:: DIRECTIONS FOR THIS TASK ::
Every line in the records below that holds "Review" must be identified and copied.

:: INFORMATION GIVEN ::
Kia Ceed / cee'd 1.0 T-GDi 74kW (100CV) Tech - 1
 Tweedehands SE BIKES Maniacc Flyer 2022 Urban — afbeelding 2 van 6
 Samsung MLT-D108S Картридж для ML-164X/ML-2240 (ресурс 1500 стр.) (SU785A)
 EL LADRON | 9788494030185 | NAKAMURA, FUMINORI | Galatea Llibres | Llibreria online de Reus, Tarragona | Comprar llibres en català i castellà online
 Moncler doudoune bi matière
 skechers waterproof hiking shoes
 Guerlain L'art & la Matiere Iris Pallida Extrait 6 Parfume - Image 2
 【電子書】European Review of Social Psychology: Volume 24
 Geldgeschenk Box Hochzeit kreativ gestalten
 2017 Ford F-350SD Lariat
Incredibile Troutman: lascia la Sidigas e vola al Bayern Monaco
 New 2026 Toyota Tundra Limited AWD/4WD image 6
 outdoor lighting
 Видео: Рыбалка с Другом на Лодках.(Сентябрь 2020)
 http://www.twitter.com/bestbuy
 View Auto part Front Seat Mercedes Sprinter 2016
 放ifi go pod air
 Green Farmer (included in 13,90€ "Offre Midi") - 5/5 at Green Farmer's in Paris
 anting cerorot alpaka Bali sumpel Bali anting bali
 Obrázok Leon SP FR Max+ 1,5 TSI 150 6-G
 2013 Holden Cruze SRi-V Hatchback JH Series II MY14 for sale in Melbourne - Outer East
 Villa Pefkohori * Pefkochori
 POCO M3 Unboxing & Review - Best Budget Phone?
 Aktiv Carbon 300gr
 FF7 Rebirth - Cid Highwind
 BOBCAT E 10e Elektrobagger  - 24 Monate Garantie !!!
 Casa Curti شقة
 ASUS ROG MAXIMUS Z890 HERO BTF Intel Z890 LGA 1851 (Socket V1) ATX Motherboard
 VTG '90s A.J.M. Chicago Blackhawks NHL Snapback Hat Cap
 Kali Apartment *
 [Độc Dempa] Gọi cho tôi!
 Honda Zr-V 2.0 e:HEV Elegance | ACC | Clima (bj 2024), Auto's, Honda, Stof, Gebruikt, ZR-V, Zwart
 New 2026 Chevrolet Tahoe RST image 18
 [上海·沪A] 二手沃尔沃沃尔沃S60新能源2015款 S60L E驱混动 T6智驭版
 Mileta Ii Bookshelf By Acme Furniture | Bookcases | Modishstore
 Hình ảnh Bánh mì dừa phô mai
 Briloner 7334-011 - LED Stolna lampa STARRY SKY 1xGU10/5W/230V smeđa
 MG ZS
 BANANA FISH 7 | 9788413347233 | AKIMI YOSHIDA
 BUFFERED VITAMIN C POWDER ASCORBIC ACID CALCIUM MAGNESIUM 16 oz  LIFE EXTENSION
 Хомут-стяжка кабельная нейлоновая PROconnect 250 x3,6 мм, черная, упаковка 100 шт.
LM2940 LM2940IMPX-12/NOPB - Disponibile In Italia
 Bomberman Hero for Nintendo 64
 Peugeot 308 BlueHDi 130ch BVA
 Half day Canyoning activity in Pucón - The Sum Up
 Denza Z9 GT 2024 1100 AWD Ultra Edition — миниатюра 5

:: THE ANSWER ::
 【電子書】European Review of Social Psychology: Volume 24
 POCO M3 Unboxing & Review - Best Budget Phone?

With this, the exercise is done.